Bandstructure and mobility variations in p-type silicon nanowires under electrostatic gate field

The sp3d5s∗-spin–orbit-coupled atomistic tight-binding (TB) model is used for the electronic structure calculation of Si nanowires (NWs), self consistently coupled to a 2D Poisson equation, solved in the cross section of the NW. Upon convergence, the linearized Boltzmann transport theory is employed for the mobility calculation, including carrier scattering by phonons and surface roughness. As the channel is driven into inversion, for [1 1 1] and [1 1 0] NW devices of diameters D > 10 nm the curvature of the bandstructure increases and the hole effective mass becomes lighter, resulting in a ∼50% mobility increase.

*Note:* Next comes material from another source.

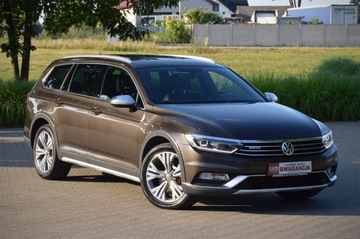 Volkswagen Passat B8 Variant 2.0 TDI SCR 240KM 2017 Vw Passat B8 Alltrack 4-Motion 2.0TDI SCR 240PS DSG Full Serwis Brąz!, zdjęcie 34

Such improvement is large enough to compensate for the detrimental effect of surface roughness scattering. The effect is very similar to the bandstructure variations and mobility improvement observed under geometric confinement, however, in this case confinement is caused by electrostatic gating. We provide explanations for this behavior based on features of the heavy-hole band. This effect could be exploited in the design of p-type NW transistor devices. We note, finally, that the “apparent” mobility of low dimensional short channel transistors is always lower than the intrinsic channel diffusive mobility due to the detrimental influence of the so called “ballistic” mobility.

► In this study we calculate low-field mobility in p-type silicon nanowires (NWs).
► We use the atomistic sp3d5s∗ tight-binding model and Boltzmann transport.
► In certain NWs, gating under inversion conditions increases the dispersion curvature.
► This effect results in gate-induced mobility increase for the [1 1 1] and [1 1 0] NWs.
► “Apparent” mobility in 1D NWs is low due to the influence of the “ballistic” mobility.